Embarrassing moments: wardrobe malfunctions, a Freudian slip, a misstep that leaves us sprawled on the ground.
 

My shining one happened on a particularly cold, dry night. I was in a dark theater and reached into my purse for my Chap Stick, generously applying it to my lips and a large area around my mouth. Accompanying me was a visiting librarian from Germany who I had just met.

After the movie, I dropped him at his hotel and returned home, discovering what you may have guessed: That tube of Chap Stick was really bright red lipstick. I looked like I had been punched in the kisser. My German visitor was either too polite -- or too embarrassed himself -- to ask me what the heck happened.

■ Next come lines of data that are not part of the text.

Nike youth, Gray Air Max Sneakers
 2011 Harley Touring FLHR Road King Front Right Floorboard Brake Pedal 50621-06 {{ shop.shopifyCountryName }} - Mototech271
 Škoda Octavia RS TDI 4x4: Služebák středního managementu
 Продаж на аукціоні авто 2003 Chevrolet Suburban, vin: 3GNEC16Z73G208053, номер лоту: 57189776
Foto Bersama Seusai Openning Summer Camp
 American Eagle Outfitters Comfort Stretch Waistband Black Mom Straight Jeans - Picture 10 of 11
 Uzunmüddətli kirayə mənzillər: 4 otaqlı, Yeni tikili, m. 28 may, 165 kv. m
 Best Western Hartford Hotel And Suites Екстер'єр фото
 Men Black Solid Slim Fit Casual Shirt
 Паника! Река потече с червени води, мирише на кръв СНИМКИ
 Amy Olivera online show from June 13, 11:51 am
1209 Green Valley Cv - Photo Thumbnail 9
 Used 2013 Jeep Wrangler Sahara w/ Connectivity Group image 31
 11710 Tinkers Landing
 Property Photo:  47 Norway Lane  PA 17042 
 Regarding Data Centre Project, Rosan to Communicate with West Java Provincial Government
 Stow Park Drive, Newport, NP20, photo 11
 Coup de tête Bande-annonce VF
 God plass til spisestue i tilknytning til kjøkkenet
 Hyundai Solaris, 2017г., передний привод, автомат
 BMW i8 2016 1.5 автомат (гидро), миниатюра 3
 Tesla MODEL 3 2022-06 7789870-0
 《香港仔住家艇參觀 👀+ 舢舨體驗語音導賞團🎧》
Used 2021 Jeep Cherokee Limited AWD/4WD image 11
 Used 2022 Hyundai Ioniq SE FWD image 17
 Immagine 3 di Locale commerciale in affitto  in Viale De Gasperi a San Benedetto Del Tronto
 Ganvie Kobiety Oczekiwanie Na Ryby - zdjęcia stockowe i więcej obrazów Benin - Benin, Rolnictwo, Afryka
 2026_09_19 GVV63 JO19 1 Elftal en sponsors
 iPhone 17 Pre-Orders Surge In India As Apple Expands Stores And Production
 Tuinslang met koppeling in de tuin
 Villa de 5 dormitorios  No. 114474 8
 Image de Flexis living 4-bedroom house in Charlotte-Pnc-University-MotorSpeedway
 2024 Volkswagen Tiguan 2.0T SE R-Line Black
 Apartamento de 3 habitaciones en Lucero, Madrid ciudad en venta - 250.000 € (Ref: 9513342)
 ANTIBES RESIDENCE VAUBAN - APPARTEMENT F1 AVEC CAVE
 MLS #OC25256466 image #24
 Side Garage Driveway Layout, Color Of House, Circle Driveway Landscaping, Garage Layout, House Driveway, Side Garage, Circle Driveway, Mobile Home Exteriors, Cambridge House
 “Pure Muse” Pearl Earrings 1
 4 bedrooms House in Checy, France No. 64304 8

Recently, I’ve been examining feelings of embarrassment about the rise of a certain wall-building businessman as Presidential candidate. I delay Skyping with friends overseas hoping I’ll awake and realize it was all a nightmare; but, instead, I wake up hearing more unfathomable primary results.

It occurs to me that this kind of embarrassment may be akin to collective guilt, which I’ve always leaned toward owning.

Then I remember a totally different feeling during my 2010 vacation in Turkey. President Obama was in his first term. When Turks in the marketplace learned I was American, they showered me with admiration. A baker went to his freezer and presented a large cake decorated with his rendering of Obama from the Time magazine cover.

I find the phrase, “from the sublime to the ridiculous,” on the tip of my tongue these days.

I’m Paula Garrett, and that’s my perspective.